Petitioner Type: Workers
Impact Date:
Filed Date: 02/25/2019
Most Recent Update: 04/14/2019
Determination Date: 04/14/2019
Expiration Date:

Other Worker Groups on This Petition
DEPARTMENT OF LABOR

Employment and Training Administration

TA-W-94,559

AT&T TECHNOLOGY OPERATIONS (ATO)
CONVERGED ACCESS AND DEVICE TECHNOLOGY GROUP
MISSION, KANSAS

TA-W-94,559A

AT&T TECHNOLOGY OPERATIONS (ATO)
CONVERGED ACCESS AND DEVICE TECHNOLOGY GROUP
WICHITA, KANSAS

Negative Determination Regarding Eligibility
To Apply for Worker Adjustment Assistance

In accordance with Section 223 of the Trade Act of 1974, as
amended ("Act"), 19 U.S.C. § 2273, the Department of Labor
herein presents the results of an investigation regarding
certification of eligibility to apply for worker adjustment
assistance.
Workers of a firm may be eligible for worker adjustment
assistance if they satisfy the criteria of subsection (a), (b)
or (e) of Section 222 of the Act, 19 U.S.C. § 2272(a), (b) and
(e). For the Department of Labor to issue a certification for
workers under Section 222(a) of the Act, 19 U.S.C. § 2272(a),
the following criteria must be met:
(1) The first criterion (set forth in Section 222(a)(1) of the
Act, 19 U.S.C. § 2272(a)(1)) requires that a significant
number or proportion of the workers in the workers' firm
must have become totally or partially separated or be
threatened with total or partial separation.

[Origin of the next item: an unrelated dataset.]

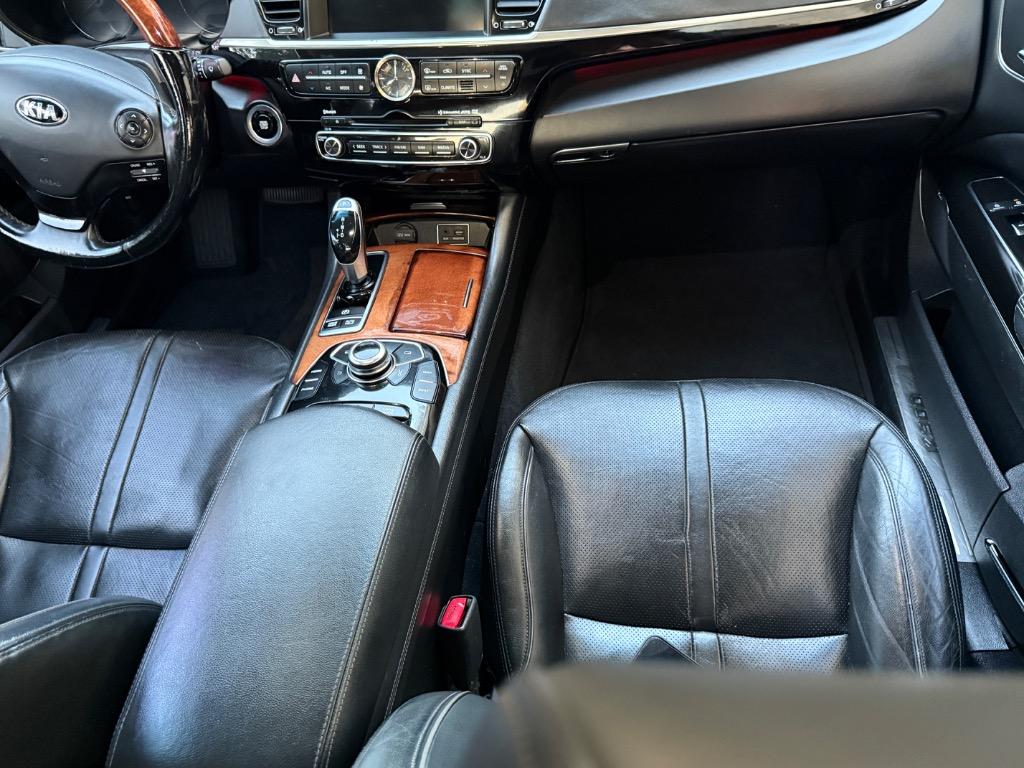 2015 Kia K900 - $11,900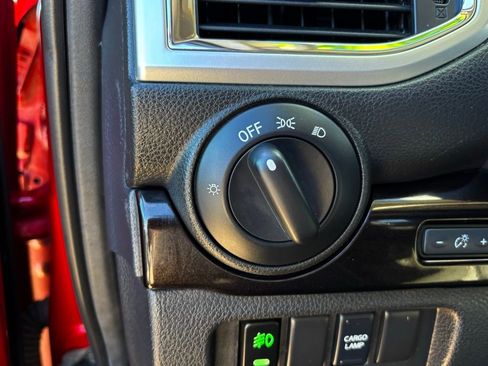 Used 2017 Nissan Titan SV image 16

(2) The second criterion (set forth in Section 222(a)(2) of the
Act, 19 U.S.C. § 2272(a)(2)) may be satisfied in one of two
ways:
(A) Increased Imports Path:
(i) sales or production, or both, at the workers' firm
must have decreased absolutely; AND
(ii) (I) imports of articles or services like or directly
competitive with articles or services produced or
supplied by the workers' firm have increased, OR
(II)(aa) imports of articles like or directly
competitive with articles into which the
component part produced by the workers' firm was
directly incorporated have increased; OR
(II)(bb) imports of articles like or directly
competitive with articles which are produced
directly using the services supplied by the
workers' firm have increased; OR
(III) imports of articles directly incorporating
component parts not produced in the U.S. that are
like or directly competitive with the article
into which the component part produced by the
workers' firm was directly incorporated have
increased; AND
(iii) the increase in imports described in clause (ii)
contributed importantly to such workers' separation
or threat of separation and to the decline in the
sales or production of such firm.

(B) Shift in Production or Supply Path:
(i)(I) there has been a shift by the workers' firm to a
foreign country in the production of articles or
supply of services like or directly competitive with
those produced/supplied by the workers' firm; OR
(II) there has been an acquisition from a foreign
country by the workers' firm of articles/services that
are like or directly competitive with those
produced/supplied by the workers' firm; and
(ii) the shift described in clause (i)(I) or the
acquisition of articles or services described in
clause (i)(II) contributed importantly to such
workers' separation or threat of separation.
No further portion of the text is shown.